The Brooklyn-based firm is raising a modest $10 million in new funding from existing backers, but the addition of Cisco as a strategic investor is part of an effort to deploy the technology commercially in the private sector and the defense industry.
Qunnect CEO Noel Goddard told Semafor the next step is to prove its technology can work in real-world use cases and begin ramping up sales within the next two years.
In the short term, Qunnect hopes to use its technology with existing fiber-optic networks to make them more secure.
Know More
Today, the best method for secure communications is end-to-end encryption. If one person sends an encrypted message across the internet, it doesn’t matter if the message is intercepted because the message can only be read with an encryption key that today’s computers are unable to crack.
One limitation to that method, though, is that more powerful quantum computers in the future could break through modern forms of encryption. It’s possible to store vast quantities of today’s encrypted data in anticipation of one day being able to decrypt it.
The principles of quantum physics can also be used to prevent eavesdropping entirely. In the quantum world, subatomic particles can enter quantum states of superposition (being in multiple states simultaneously) and entanglement (when two particles become linked, no matter how far apart).
But as soon as particles in a quantum state are observed, they immediately cease to be in a quantum state. Therefore, one way to secure a channel of communication is to send quantum particles across the channel. If those particles are observed by an eavesdropper, such as a hacker, it would be immediately obvious, a kind of invisible tripwire for secret communications.
This method of security, known as “quantum key distribution” or “quantum secure direct communication,” works by sending photons in a quantum state over fiber-optic cables.

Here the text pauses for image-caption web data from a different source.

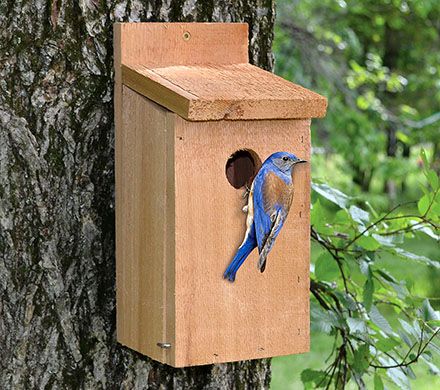 Red Cedar Bluebird Home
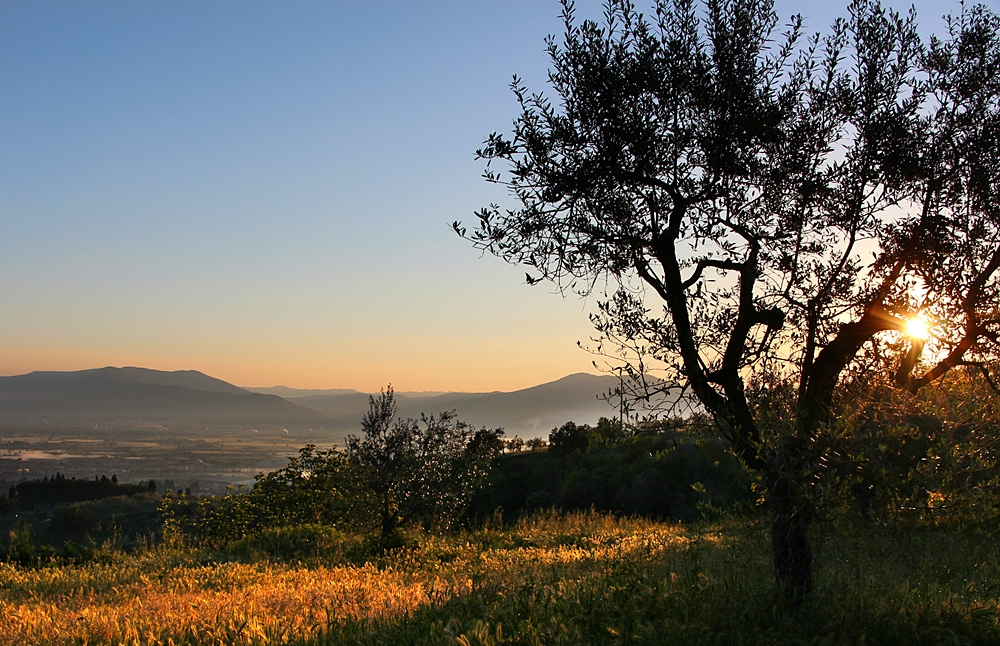 Sonnenaufgang in der Toskana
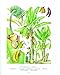 The New Oxford Book of Food Plants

One of the challenges is that signals in fiber-optic cables degrade over distance. In traditional communication, those signals can be amplified. Quantum particles, on the other hand, can’t be amplified or duplicated without knocking them out of their fragile quantum state.
Qunnect is workingg on a way around that problem with a method known as quantum repeating. In this method, two photons enter a state of entanglement. One stays put, while the other one travels through a fiber-optic cable. When the traveling photon hits a quantum repeater, it becomes entangled with a new photon and then gets out of the way, allowing the new photon to become entangled with the first photon. That process is called quantum swapping, and it can repeat itself over long distances.
Qunnect has not deployed repeaters, but has successfully tested sending entangled photons over existing fiber in a proof of concept demonstration over existing telecommunications lines in New York and more recently showed it could work over 82 kilometers of commercially deployed Deutsche Telekom fiber in Berlin for 17 days.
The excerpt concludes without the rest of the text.